Try it:
Return nothing but the lines from the one with "Louis Vuitton LV" through the one with "BOGNER Felljacke 'Katniss' hellbraun, Bild 1" in the data below, word for word and without pictures.

Task material:
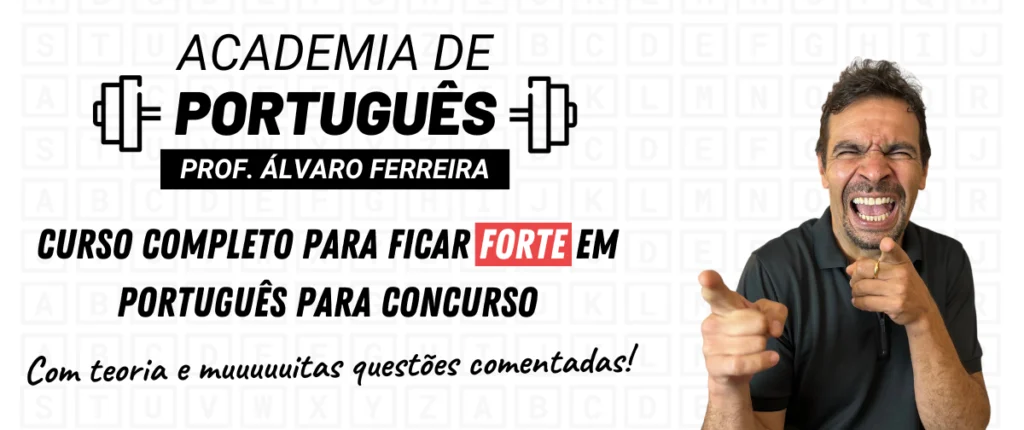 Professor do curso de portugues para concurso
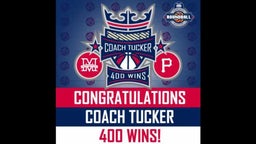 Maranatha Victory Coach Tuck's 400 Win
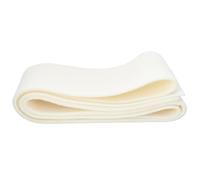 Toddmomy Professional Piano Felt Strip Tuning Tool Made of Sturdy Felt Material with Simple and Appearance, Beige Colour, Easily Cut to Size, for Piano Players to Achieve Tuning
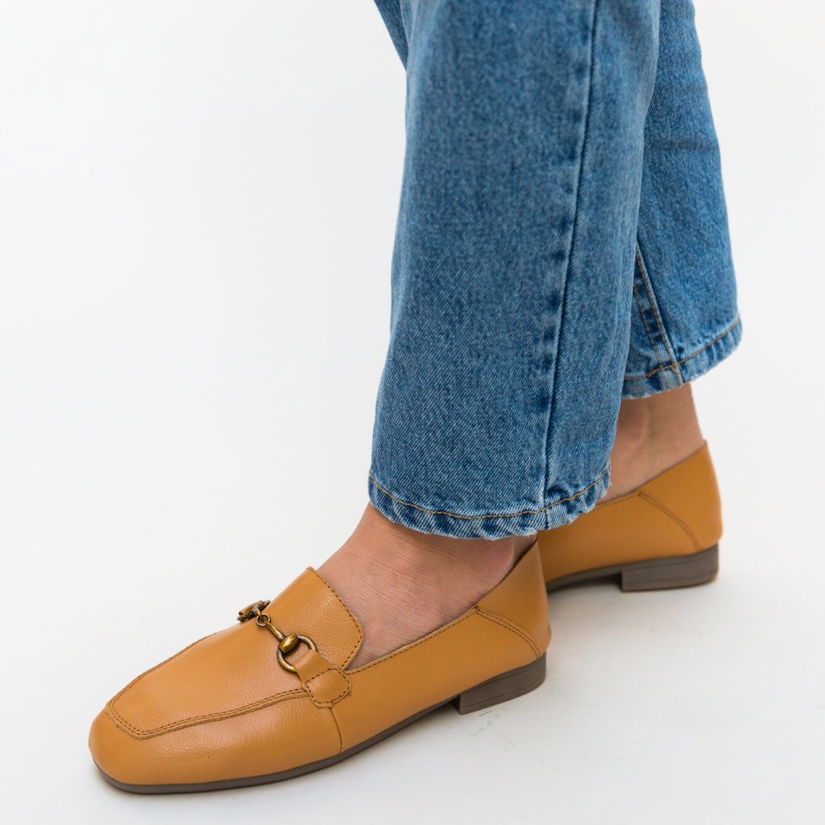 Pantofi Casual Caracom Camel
--
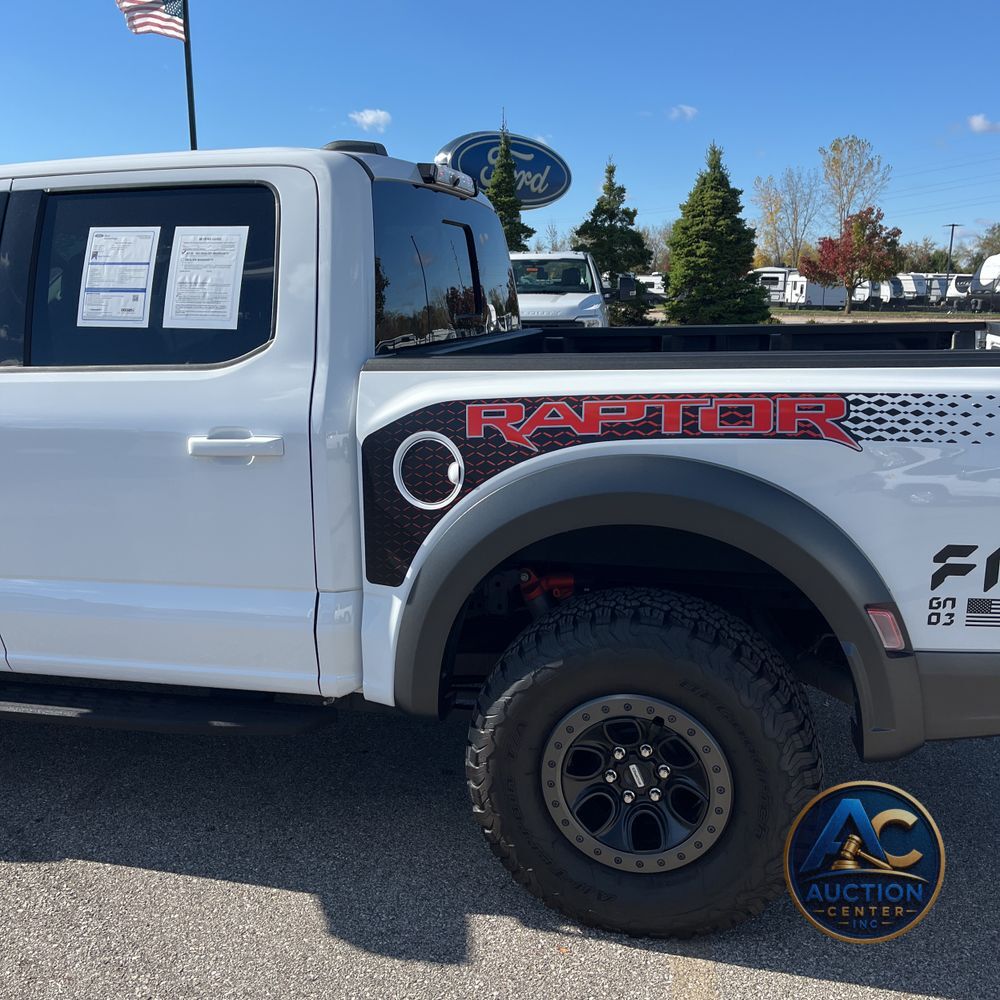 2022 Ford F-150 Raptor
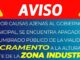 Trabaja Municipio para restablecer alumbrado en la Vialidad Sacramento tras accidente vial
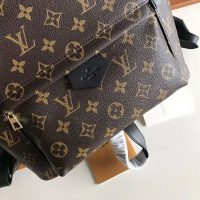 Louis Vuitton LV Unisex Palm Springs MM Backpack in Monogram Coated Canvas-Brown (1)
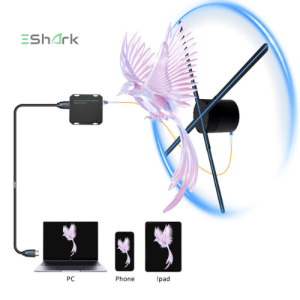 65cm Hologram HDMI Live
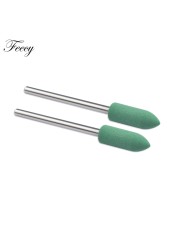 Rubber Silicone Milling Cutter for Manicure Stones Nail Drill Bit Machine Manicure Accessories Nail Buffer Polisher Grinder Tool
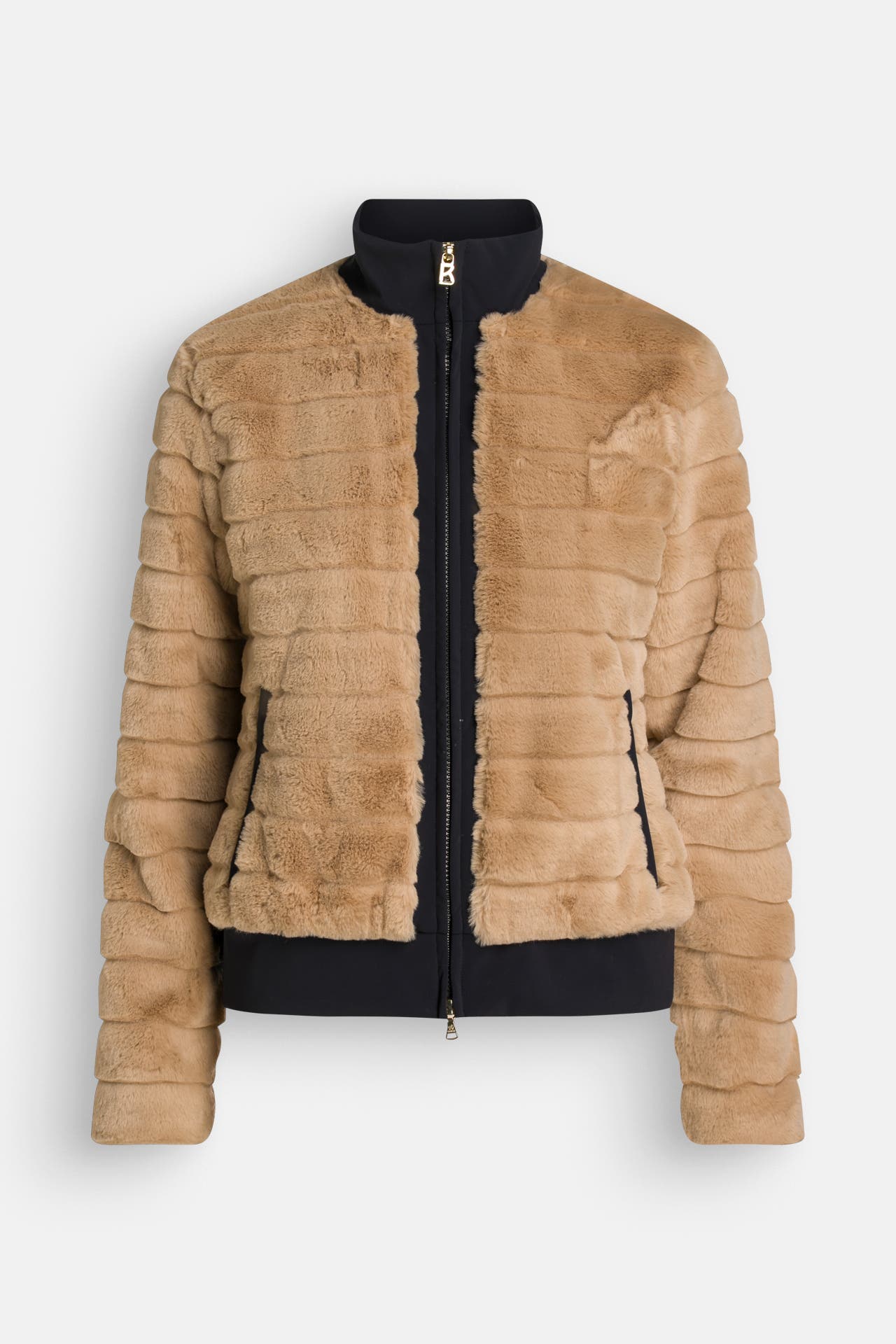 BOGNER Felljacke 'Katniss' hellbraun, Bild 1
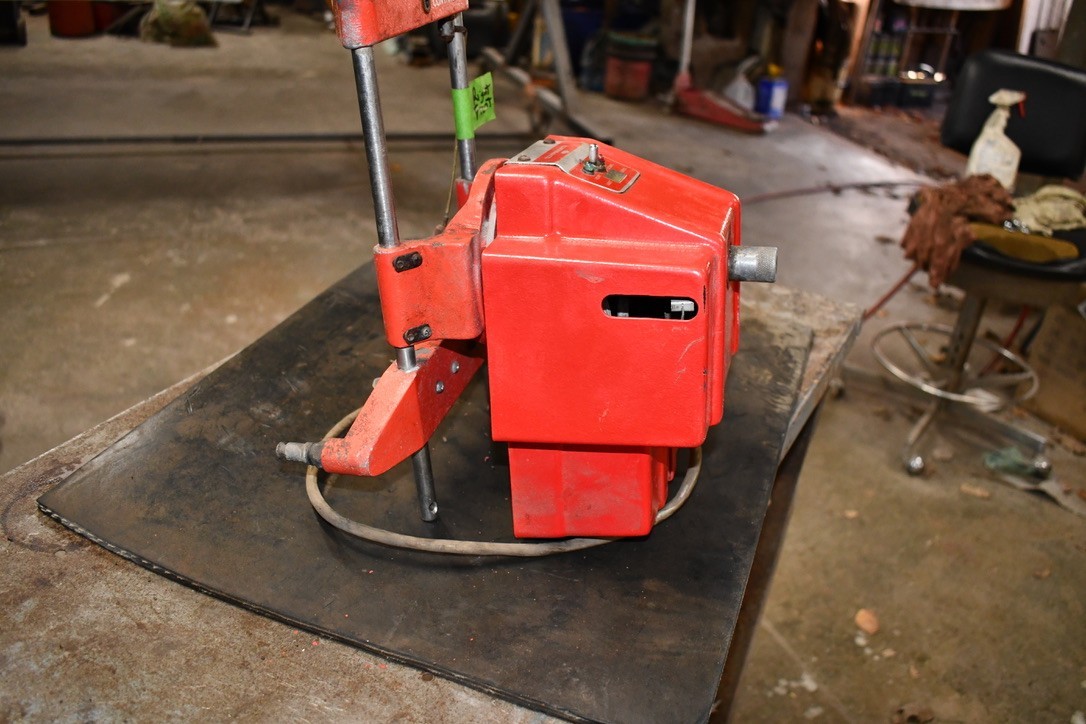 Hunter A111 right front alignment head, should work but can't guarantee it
...
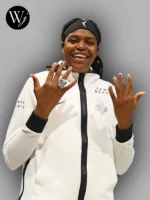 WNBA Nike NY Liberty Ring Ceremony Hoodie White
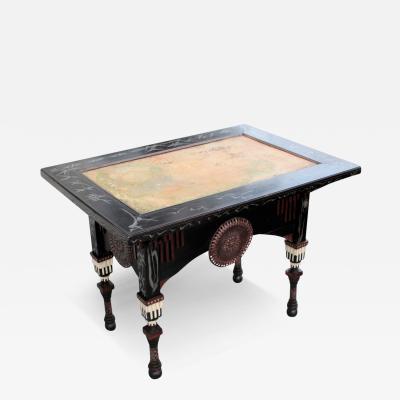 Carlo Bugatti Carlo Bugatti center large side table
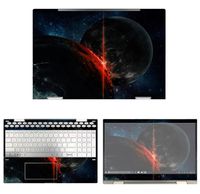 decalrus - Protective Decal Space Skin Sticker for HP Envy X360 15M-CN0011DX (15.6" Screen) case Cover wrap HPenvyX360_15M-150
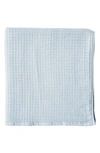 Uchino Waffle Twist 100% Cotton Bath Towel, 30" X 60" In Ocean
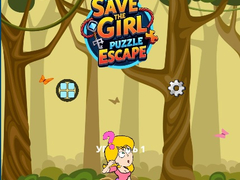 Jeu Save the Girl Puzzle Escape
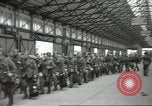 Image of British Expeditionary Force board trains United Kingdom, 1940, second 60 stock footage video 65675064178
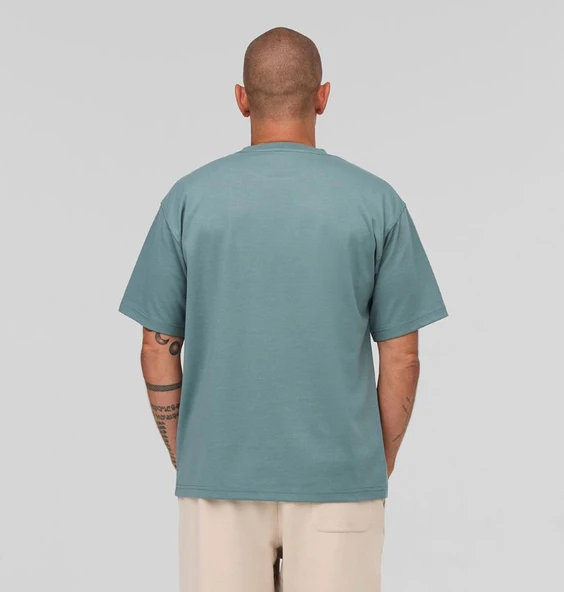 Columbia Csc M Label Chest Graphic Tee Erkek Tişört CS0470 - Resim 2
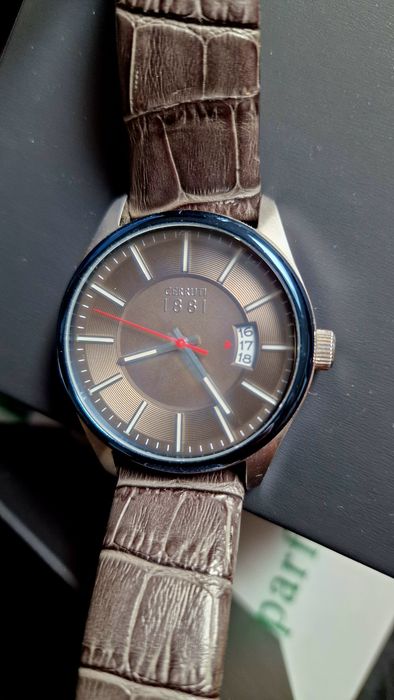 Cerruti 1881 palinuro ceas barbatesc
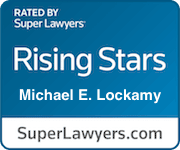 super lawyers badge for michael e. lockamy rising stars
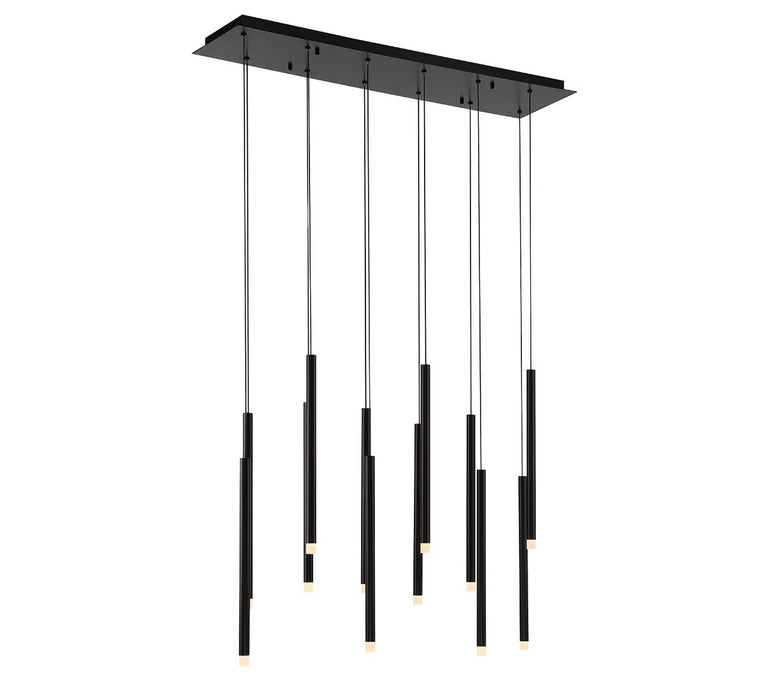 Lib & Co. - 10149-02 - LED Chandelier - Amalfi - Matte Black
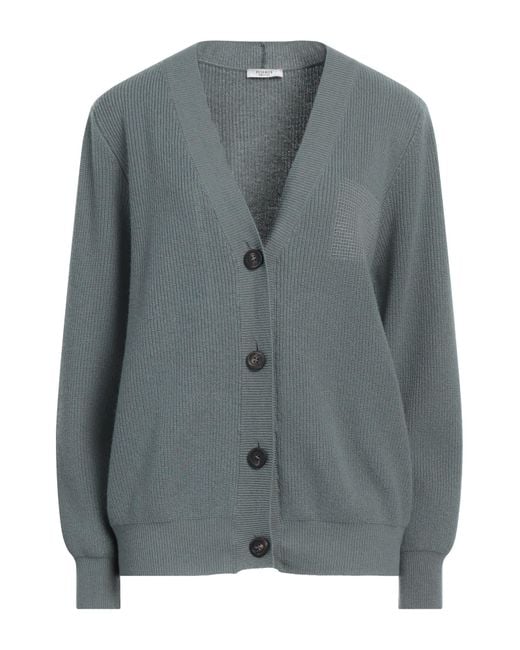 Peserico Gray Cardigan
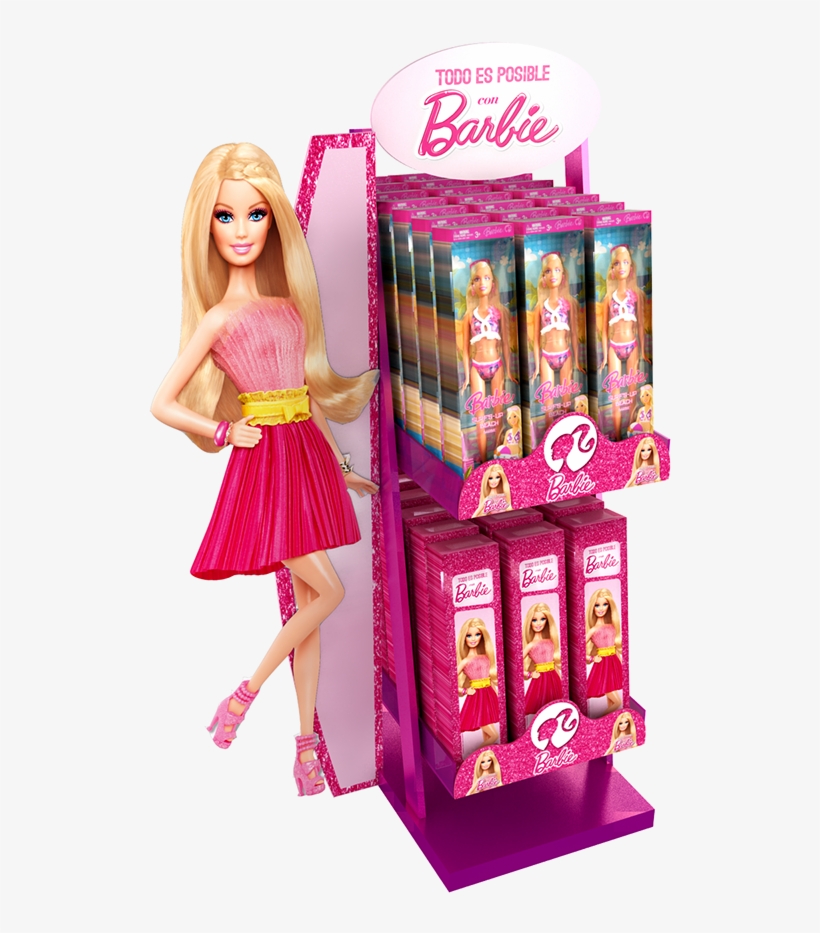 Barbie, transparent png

Output for this exercise:
 Louis Vuitton LV Unisex Palm Springs MM Backpack in Monogram Coated Canvas-Brown (1)
 65cm Hologram HDMI Live
 Rubber Silicone Milling Cutter for Manicure Stones Nail Drill Bit Machine Manicure Accessories Nail Buffer Polisher Grinder Tool
 BOGNER Felljacke 'Katniss' hellbraun, Bild 1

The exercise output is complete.